Horst Buchholz musste in den kommenden Jahrzehnten im internationalen Kino sehr oft den Nazi spielen und im deutschen Fernsehen den Liebhaber mit den grauen Schläfen, außerdem war er ein Spezialist für die Darstellung historischer Persönlichkeiten: Marco Polo, Cervantes, Johann Strauß. Er war fast immer gut im Geschäft, er hat wirklich in sehr vielen Filmen aus vielen verschiedenen Ländern mitgespielt. Aber die Erinnerung an ihn als Person, an „Eins, zwei, drei“ und an die „Halbstarken“, wird den Ruhm von „Mörderbienen greifen an“ oder „Im Wendekreis der Begierde“ bei weitem überstrahlen. Wim Wenders setzte ihn als amerikanischen Gangster ein, das war „In weiter Ferne, so nah“ und sah schon fast wie ein Schlusspunkt aus. Aber Horst Buchholz hatte noch einen großen Film vor sich.

Roberto Benignis „Das Leben ist schön“ ist eine Komödie. Man muss sich diese Handlung vorstellen: Ein jüdischer Vater kommt mit seinem Sohn in ein KZ, er versteckt das Kind und wird kurz vor der Befreiung erschossen. Dem Sohn spielt er die ganze Zeit etwas vor.
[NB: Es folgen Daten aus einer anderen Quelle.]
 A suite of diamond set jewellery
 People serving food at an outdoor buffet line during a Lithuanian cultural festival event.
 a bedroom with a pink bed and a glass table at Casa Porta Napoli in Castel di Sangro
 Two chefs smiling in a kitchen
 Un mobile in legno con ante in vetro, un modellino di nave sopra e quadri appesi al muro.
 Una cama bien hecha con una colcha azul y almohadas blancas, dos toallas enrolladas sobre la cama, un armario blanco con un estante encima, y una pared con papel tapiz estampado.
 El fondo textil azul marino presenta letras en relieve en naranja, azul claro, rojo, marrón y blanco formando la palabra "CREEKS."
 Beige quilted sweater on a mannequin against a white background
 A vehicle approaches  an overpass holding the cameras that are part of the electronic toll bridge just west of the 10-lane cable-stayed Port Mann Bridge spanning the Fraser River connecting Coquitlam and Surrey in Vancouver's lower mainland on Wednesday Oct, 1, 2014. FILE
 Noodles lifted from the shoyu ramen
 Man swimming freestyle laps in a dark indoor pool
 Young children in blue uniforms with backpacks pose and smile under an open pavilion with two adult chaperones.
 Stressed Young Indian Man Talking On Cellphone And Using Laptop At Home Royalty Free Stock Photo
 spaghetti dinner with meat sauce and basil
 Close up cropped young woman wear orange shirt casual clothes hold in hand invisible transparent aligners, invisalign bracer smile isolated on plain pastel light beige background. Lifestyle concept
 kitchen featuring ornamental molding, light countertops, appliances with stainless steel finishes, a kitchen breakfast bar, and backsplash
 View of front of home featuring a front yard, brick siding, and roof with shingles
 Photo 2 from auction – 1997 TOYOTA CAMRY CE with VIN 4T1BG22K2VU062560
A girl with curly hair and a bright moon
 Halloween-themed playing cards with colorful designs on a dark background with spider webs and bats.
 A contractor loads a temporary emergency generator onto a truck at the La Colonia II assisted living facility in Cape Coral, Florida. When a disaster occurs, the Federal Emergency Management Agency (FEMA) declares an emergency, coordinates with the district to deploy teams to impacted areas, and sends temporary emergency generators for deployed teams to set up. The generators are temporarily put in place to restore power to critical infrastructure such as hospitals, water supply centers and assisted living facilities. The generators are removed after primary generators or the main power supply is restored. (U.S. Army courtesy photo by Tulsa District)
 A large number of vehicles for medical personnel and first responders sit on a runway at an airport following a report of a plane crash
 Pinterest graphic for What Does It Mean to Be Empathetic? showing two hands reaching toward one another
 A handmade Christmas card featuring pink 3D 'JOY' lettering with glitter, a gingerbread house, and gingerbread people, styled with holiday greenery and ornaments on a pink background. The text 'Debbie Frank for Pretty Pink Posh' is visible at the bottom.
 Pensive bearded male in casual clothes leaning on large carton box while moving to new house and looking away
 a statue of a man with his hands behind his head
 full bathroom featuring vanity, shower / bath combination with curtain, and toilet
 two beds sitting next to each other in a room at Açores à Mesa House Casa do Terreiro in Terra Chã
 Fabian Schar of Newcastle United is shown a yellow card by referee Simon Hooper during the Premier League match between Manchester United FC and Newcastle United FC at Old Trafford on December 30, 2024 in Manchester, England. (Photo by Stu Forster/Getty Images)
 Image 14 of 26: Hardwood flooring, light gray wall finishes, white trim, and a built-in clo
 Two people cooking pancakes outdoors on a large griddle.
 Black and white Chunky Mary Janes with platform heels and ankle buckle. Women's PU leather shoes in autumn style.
Alles sei nur ein Spiel, die Nazis seien nicht wirklich böse. Denn er will die Seele des Kindes retten. Es ist tatsächlich eine glaubwürdige Komödie, und Horst Buchholz spielt darin einen gutmütigen SS-Offizier. Er ist nicht böse, nur gleichgültig. Er hat nichts gegen den Juden, er mag ihn sogar. Es fällt ihm nur nicht ein, ihm zu helfen. Er ist ganz in sich selbst versponnen, ein zerstreuter Geistesmensch. Buchholz spielt ihn so, dass er wie ein Spiegelbild des deutschen Bürgertums aussieht, das 1933 resigniert aufgab. So hat er tatsächlich beides verkörpert: die Rebellion und die Resignation. Den Nazivater und den Rebellensohn. Und in beiden Rollen war er gut. Nicht viele Schauspieler sind einen so weiten Weg gegangen.